■ **TASK TO COMPLETE**
Taking the line with "Gilmar Fraga / Arte ZH Gilmar" as the first and the last line of the listing as the final one, please copy exactly those lines and no others, without pictures.

■ **RECORD EXCERPTS**
****************************************
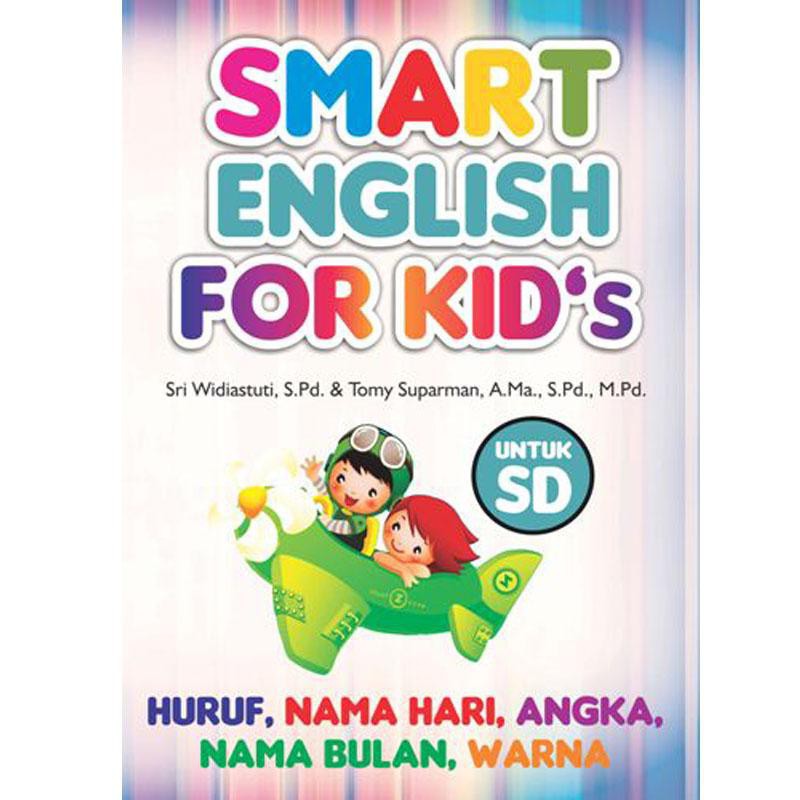 Cover Smart english for kid's / Sri Widiastuti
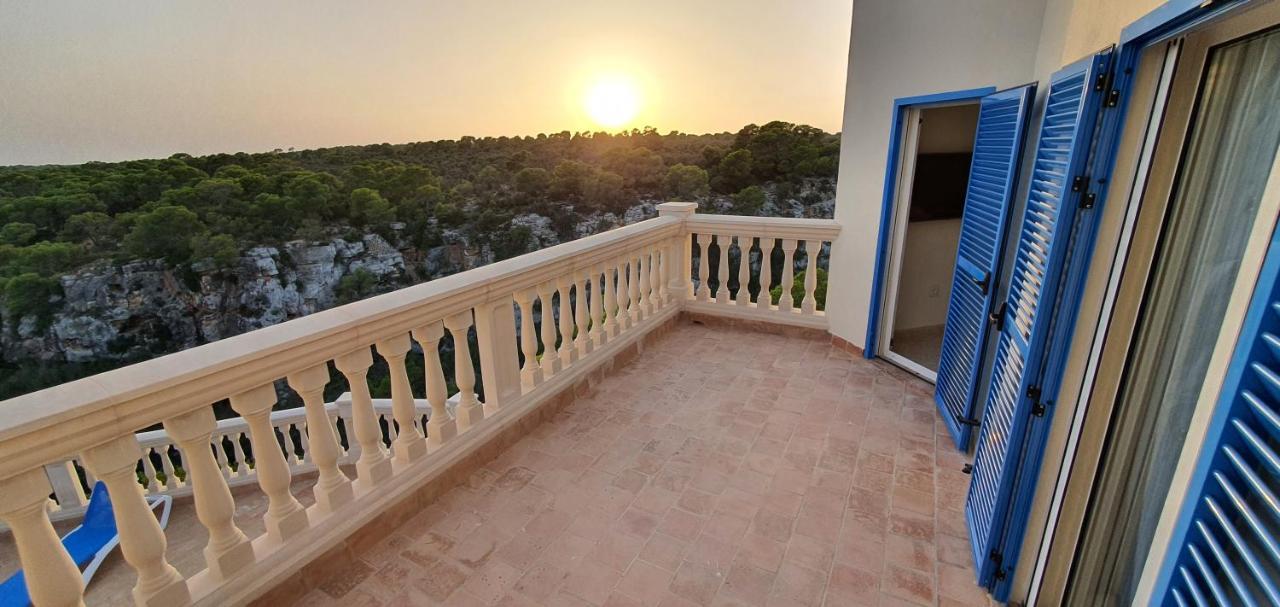 * Casa Del Diamante - Meer- Und Buchtblick Villa * Cala Pi  Luaran gambar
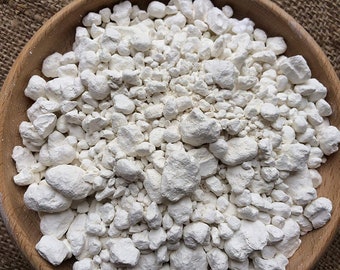 WHITE GRANULES Edible CLAY Chunks Natural, 100 gm (4 oz) - 9 kg (20 lb) - Buy in Bulk (Wholesale), Hot Price, Fast Shipping Worldwide!
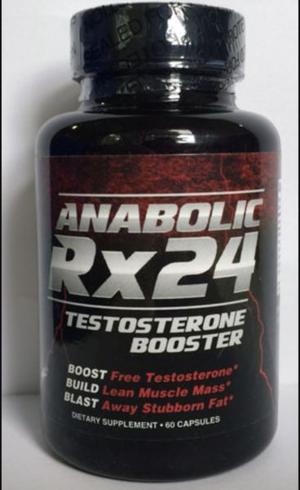 Rx24 Anabolic testosterone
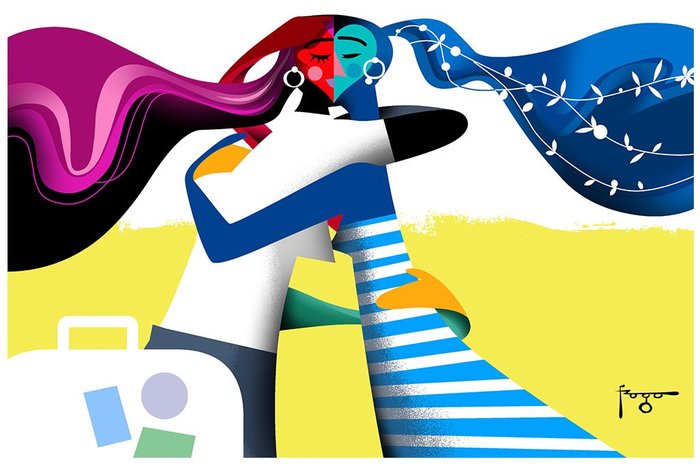 Gilmar Fraga / Arte ZH Gilmar Fraga / Arte ZH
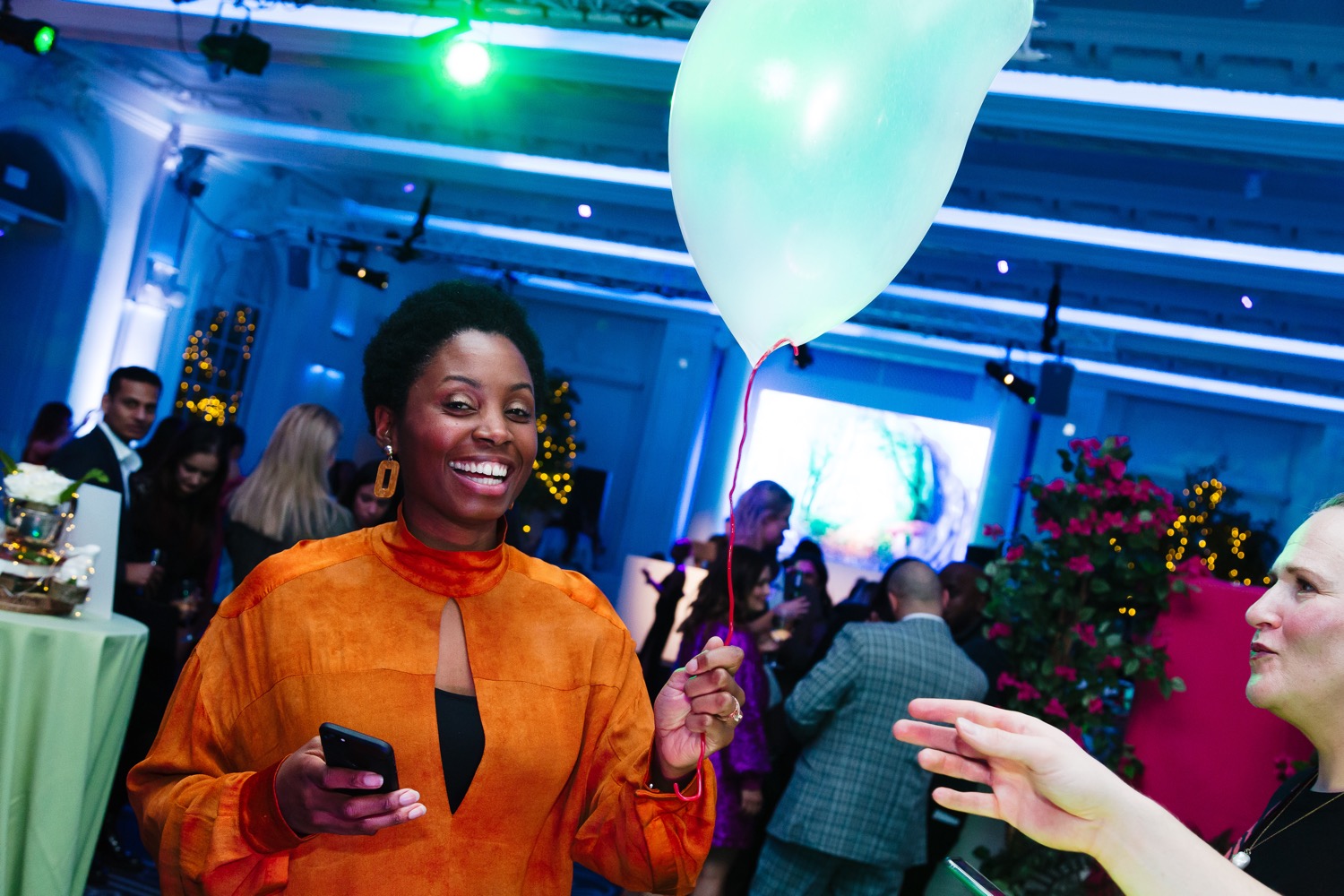 Alice in wonderland themed corporate event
****************************************
■ **EXERCISE SOLUTION**
 Gilmar Fraga / Arte ZH Gilmar Fraga / Arte ZH
 Alice in wonderland themed corporate event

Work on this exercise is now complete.